From c5caee21b168b9ca05b0fe3990f9b9c8de5c6f33 Mon Sep 17 00:00:00 2001
From: Daniel Rosel <daniel@alves.world>
Date: Sun, 14 Dec 2025 17:59:34 +0100
Subject: [PATCH] formlating the reward simply

---
 sim/rl/environment.py | 29 ++++++++++++++++++++++-------
 1 file changed, 22 insertions(+), 7 deletions(-)

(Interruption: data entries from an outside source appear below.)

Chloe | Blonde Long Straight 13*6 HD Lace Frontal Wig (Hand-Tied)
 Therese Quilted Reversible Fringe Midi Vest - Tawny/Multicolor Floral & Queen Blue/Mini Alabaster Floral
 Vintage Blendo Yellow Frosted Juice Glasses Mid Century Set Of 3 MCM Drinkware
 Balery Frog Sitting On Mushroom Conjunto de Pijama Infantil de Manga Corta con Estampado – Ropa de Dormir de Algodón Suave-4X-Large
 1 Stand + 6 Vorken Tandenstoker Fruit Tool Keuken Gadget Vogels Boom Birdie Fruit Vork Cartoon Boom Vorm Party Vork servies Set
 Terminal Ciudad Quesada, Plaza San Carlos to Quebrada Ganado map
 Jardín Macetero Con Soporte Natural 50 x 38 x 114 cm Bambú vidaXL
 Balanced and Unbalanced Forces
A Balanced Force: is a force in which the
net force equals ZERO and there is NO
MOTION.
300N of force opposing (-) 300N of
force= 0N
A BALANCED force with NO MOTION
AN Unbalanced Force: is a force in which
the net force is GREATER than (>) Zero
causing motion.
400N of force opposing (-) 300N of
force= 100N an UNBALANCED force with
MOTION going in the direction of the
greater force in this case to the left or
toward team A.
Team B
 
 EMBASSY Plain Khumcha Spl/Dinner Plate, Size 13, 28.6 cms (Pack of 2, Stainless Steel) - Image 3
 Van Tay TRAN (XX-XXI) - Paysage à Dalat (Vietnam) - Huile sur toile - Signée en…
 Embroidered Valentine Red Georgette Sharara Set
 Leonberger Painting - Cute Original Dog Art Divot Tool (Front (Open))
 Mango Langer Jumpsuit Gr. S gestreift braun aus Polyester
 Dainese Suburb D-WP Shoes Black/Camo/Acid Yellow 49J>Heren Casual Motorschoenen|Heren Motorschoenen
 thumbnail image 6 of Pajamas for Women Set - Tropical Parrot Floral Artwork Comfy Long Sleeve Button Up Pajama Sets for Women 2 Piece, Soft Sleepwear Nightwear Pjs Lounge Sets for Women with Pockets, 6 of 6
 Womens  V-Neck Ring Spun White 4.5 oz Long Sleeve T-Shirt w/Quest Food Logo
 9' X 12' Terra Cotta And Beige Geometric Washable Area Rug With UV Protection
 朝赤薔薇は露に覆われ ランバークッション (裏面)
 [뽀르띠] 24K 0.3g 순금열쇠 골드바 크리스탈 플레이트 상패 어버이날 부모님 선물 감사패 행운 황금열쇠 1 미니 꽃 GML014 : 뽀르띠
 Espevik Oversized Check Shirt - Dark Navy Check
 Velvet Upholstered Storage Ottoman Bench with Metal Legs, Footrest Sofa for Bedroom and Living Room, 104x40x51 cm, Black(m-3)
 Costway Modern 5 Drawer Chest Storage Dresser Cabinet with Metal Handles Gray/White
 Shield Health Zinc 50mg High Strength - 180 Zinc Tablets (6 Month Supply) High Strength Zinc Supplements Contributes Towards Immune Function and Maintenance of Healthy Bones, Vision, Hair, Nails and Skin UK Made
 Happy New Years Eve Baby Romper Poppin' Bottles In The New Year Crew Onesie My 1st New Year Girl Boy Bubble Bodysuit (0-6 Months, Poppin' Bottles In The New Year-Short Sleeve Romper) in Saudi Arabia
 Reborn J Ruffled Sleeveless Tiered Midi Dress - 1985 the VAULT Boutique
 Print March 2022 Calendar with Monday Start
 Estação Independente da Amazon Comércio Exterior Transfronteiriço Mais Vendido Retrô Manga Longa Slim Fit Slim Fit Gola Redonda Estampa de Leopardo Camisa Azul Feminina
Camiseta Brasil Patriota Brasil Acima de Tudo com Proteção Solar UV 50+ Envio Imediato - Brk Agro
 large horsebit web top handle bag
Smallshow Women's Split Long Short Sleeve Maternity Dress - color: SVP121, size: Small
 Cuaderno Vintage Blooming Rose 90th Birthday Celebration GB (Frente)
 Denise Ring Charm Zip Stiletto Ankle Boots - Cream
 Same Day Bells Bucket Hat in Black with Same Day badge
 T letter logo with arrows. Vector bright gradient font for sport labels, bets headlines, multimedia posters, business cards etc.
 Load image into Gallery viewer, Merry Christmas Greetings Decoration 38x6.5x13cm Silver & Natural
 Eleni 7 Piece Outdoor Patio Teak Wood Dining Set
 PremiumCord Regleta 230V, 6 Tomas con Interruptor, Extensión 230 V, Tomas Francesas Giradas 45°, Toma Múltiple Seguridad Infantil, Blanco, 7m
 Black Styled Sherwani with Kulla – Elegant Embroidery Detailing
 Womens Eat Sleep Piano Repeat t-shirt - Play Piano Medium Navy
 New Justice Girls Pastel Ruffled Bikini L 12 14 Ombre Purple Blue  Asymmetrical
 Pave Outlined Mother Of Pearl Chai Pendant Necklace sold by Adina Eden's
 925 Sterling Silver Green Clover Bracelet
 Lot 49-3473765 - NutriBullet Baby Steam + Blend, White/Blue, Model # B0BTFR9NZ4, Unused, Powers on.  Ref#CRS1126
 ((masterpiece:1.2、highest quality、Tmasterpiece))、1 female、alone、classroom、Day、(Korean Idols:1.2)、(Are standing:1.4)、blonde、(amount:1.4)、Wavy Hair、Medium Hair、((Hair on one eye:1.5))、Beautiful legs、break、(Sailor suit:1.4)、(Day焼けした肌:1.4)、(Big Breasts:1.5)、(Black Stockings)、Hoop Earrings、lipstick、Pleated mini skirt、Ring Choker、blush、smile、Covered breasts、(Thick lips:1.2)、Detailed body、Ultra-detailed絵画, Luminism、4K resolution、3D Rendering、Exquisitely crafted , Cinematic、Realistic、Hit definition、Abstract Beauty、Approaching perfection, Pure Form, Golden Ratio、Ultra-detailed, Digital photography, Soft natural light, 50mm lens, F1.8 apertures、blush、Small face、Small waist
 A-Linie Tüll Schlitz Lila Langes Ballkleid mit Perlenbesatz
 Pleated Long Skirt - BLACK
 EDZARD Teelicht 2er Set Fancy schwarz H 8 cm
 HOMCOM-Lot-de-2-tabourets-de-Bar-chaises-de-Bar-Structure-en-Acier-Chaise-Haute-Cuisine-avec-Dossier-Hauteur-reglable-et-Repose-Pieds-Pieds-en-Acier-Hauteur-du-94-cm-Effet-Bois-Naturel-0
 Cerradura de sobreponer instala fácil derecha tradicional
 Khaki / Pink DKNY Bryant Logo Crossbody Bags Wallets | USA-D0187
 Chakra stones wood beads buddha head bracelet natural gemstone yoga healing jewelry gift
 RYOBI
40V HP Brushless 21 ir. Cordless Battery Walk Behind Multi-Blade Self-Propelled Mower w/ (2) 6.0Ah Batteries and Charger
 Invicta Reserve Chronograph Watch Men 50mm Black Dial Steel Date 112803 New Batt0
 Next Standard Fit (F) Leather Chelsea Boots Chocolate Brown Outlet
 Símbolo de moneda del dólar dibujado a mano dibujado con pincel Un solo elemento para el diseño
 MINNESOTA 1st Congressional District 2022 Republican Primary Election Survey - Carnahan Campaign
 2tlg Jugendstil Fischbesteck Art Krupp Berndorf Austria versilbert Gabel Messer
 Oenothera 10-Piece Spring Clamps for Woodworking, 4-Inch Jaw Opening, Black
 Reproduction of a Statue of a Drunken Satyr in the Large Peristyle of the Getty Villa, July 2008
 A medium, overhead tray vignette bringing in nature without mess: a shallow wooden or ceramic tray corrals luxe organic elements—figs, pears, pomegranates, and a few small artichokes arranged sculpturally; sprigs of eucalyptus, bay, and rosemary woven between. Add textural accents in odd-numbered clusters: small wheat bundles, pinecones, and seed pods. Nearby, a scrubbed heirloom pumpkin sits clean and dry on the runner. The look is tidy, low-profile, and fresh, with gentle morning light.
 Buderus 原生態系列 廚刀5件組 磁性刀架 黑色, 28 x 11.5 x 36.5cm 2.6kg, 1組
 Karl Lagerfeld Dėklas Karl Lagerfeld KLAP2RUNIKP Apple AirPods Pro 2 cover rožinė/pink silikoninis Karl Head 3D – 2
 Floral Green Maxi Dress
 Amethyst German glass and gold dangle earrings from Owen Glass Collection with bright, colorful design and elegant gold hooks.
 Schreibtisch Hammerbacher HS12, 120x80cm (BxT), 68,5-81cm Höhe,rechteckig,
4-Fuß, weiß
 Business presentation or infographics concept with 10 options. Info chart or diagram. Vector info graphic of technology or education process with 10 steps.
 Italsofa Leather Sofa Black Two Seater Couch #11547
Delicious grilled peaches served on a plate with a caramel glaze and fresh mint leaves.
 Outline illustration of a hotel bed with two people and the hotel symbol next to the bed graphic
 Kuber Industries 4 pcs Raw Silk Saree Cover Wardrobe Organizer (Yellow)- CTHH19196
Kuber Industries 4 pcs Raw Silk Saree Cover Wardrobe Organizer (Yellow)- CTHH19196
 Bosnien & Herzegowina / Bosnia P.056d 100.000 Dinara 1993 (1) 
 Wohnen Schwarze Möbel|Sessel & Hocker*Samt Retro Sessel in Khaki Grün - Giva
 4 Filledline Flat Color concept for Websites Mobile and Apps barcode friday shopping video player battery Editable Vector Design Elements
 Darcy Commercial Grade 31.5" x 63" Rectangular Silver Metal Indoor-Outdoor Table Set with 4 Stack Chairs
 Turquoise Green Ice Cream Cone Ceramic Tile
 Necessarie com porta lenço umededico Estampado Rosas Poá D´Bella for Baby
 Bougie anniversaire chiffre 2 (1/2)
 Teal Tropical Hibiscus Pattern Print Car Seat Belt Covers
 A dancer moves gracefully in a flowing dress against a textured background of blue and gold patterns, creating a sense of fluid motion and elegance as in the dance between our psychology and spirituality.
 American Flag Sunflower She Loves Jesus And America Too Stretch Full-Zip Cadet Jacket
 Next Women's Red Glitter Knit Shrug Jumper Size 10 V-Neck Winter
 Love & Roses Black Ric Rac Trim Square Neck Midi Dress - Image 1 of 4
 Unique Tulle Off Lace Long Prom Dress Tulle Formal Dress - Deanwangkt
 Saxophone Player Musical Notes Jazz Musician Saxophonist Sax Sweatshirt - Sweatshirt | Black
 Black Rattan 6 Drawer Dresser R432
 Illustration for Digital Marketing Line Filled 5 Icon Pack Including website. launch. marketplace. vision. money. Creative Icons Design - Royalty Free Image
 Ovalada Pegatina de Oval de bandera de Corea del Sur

diff --git a/sim/rl/environment.py b/sim/rl/environment.py
index a09438f..ca7159b 100644
--- a/sim/rl/environment.py
+++ b/sim/rl/environment.py
@@ -40,7 +40,7 @@ class CommercePlatform:
             'mean_sale_price': df[df['action'] == 'purchase']['price'].mean(),
         }
 
-    def run_pricing_simulation(self, prices: np.ndarray) -> np.ndarray:
+    def run_pricing_simulation(self, prices: np.ndarray) -> dict:
         # Simulate demand based on prices
 
         observed_demand, demand_from_agents = self.setup_true_demand(prices)
@@ -51,16 +51,17 @@ class CommercePlatform:
         demand_estimates = self.demand_estimate(interaction_data)
         internal_error = np.abs(true_demand - demand_estimates) / (true_demand + 1e-6)
 
-        self.simulation_history.append(
-            {
+
+        summary = {
                 'prices': prices,
                 'true_demand': true_demand,
                 'demand_estimates': demand_estimates,
                 'internal_error': internal_error,
                 'interaction_data': interaction_data,
                 'interaction_features': interaction_features
-            })
-        return np.array(interaction_data)
+            }
+        self.simulation_history.append(summary)
+        return summary
 
     def get_interaction_data(self) -> np.ndarray:
         # Simulate interaction data
@@ -118,10 +119,24 @@ class PHANTOMEnv(gym.Env):
                             self.constraints.system_min_price,
                             self.constraints.system_max_price)
 
+        result = self.commerce_platform.run_pricing_simulation(self.state['price'])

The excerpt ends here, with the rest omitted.